John McCain : J'ai été impliqué, comme je vous l'ai déjà dit, dans la plupart des grands défis de sécurité nationale auxquels nous avons été confrontés depuis 20 ans. Il y a quelques avantages à avoir de l'expérience, des connaissances et du discernement. Honnêtement, je ne pense pas que le sénateur Obama ait les connaissances ou l'expérience. Il a fait des erreurs de jugement dans un certain nombre de domaines y compris dans sa réaction initiale à l'invasion russe… à l'agression russe en Géorgie. Vous savez, nous avons déjà connu dans ce gouvernement cette obstination à s'accrocher à cette idée que la déferlante n'avait pas réussi. Il n'a pas su reconnaître qu'il avait eu tort quant à le "surge" (renfort). Cela montre qu'un président des Etats-Unis a besoin de faire preuve de plus de souplesse. Pour ce qui est des autres questions qu'il a soulevées, je connais les anciens combattants, je les connais bien. Et je sais qu'ils savent que je m'occuperai bien d'eux. Je suis fier de leur appui et de leur reconnaissance pour les services que je leur ai rendus. Je les aime et je m'occuperai d'eux et ils savent que je m'occuperai d'eux. A moi de le faire , ce sera ma responsabilité. J'ai également la capacité, les connaissances et l'expérience pour prendre les bonnes décisions pour préserver la sécurité et la sûreté de ce pays. Les réformes, la prospérité et la paix constituent les défis principaux pour les Etats-Unis d'Amérique. Je ne pense pas avoir besoin d'une formation sur le tas. Je suis prêt dès maintenant.
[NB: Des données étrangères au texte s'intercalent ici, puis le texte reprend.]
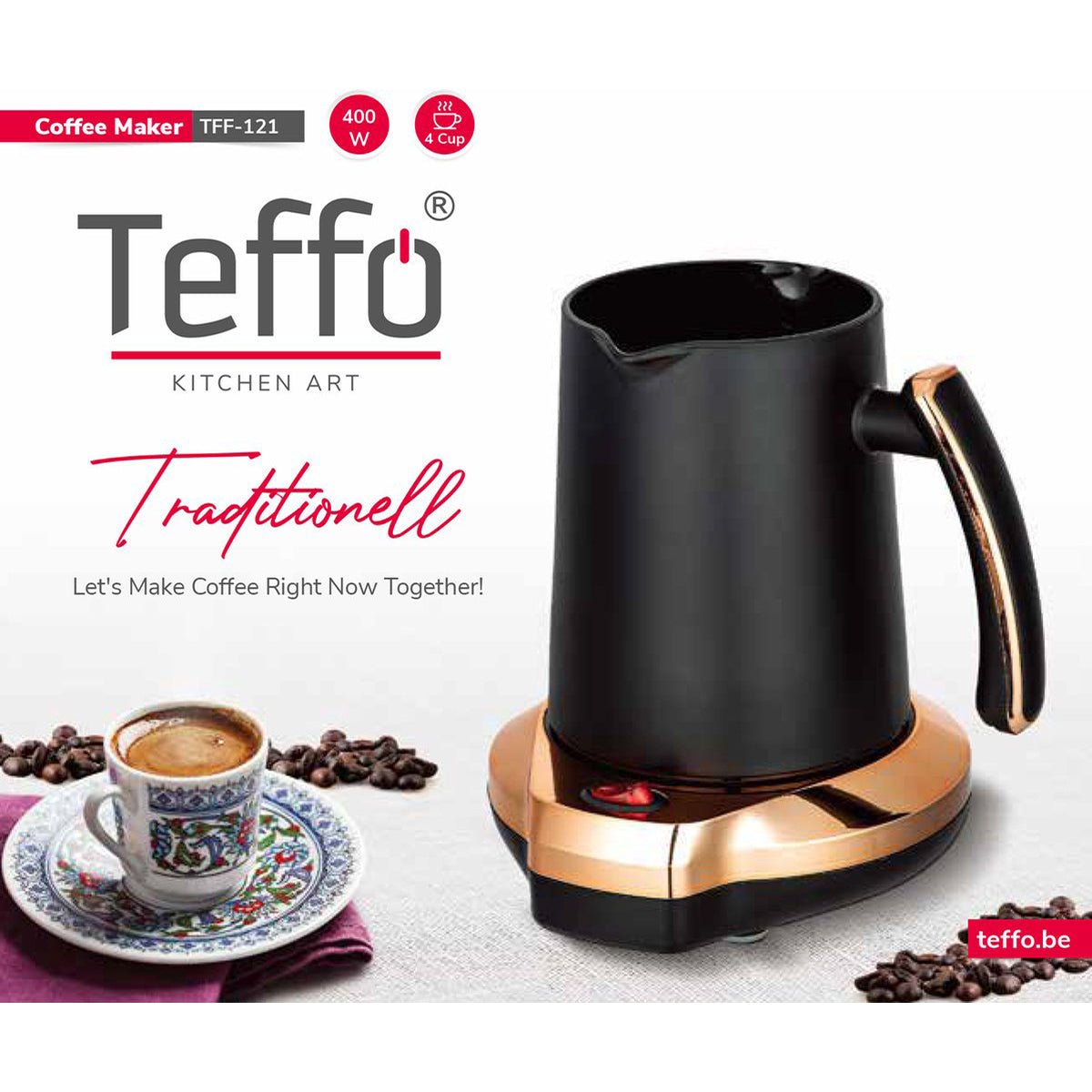 Teffo Elektrische Turkse Koffieapparaat - Electric Turkish Coffee Maker - Türk Kahvesi - TEKZEN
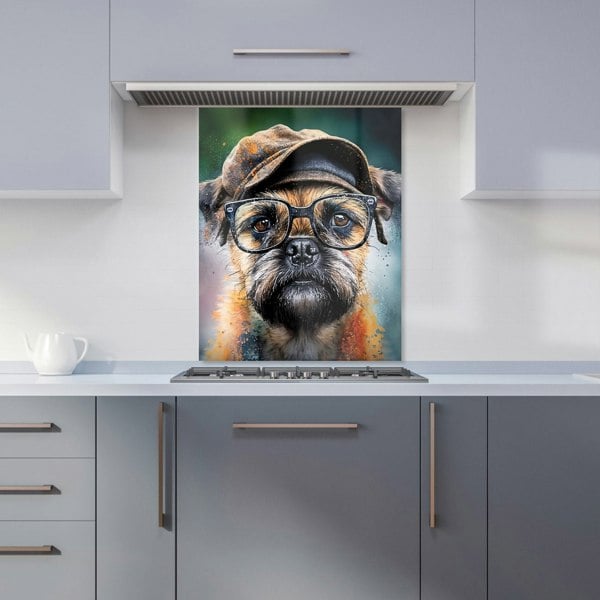 Warren Reed - Designer Border Terrier Dog Splashart Kitchen Splashback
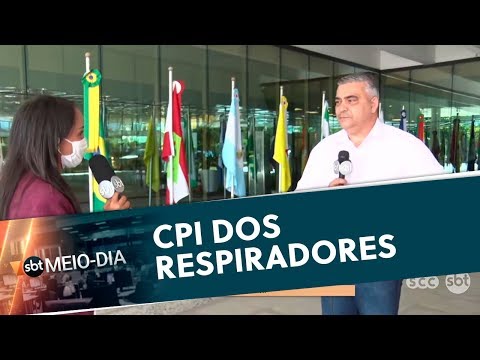 CPI dos respiradores | SBT Meio-dia (07/05/20)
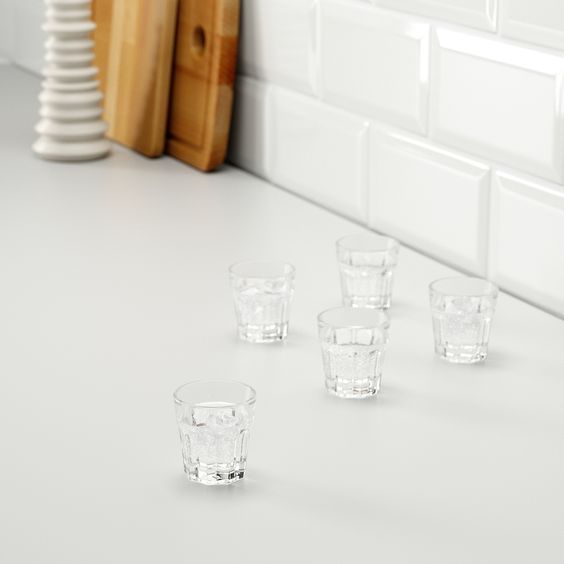 BỘ 6 LY THỦY TINH 50ML POKAL IKEA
Barack Obama : Permettez-moi de faire une dernière conclusion. Vous savez que mon père venait du Kenya d'où mon nom. Dans les années 60, mon père avait écrit d'innombrables lettres pour pouvoir venir faire ses études universitaires aux Etats-Unis, persuadé qu'il était qu'aucun autre pays sur terre ne pourrait lui offrir les mêmes possibilités. Les idéaux et les valeurs des Etats-Unis étaient une source d'inspiration pour le monde entier. Je ne pense pas qu'aucun de nous puisse dire que notre image dans le monde aujourd'hui, la manière dont les enfants du monde entier voient les Etats-Unis soit la même. Une partie de ce que le prochain président doit faire, et cela relève en partie de notre discernement, et c'est aussi comme cela que nous préserverons l'Amérique, consistera à envoyer le message suivant au monde : nous allons investir dans des domaines tels que l'éducation auxquels les personnes ordinaires qui aspirent à réaliser leur rêve peuvent s'identifier. C'est ce à quoi je m'engagerai en tant que président des Etats-Unis.

Question : Il reste quelques secondes. Nous avons presque terminé.

John McCain : Jim, quand je suis rentré chez moi après avoir été prisonnier, j'ai vu que nos anciens combattants étaient très maltraités et cela m'a attristé. J'ai entrepris des efforts pour résoudre la question des prisonniers de guerre et les portés disparus au combat. Ce que nous avons fait, autant du côté des démocrates que des républicains. Puis j'ai travaillé à la normalisation des relations entre nos deux pays pour que nos anciens combattants puissent retrouver le chemin de la maison. Je vous garantis qu'en tant que président des Etats-Unis je sais comment panser les blessures de la guerre, je sais comment traiter nos adversaires et je sais comment travailler avec nos amis.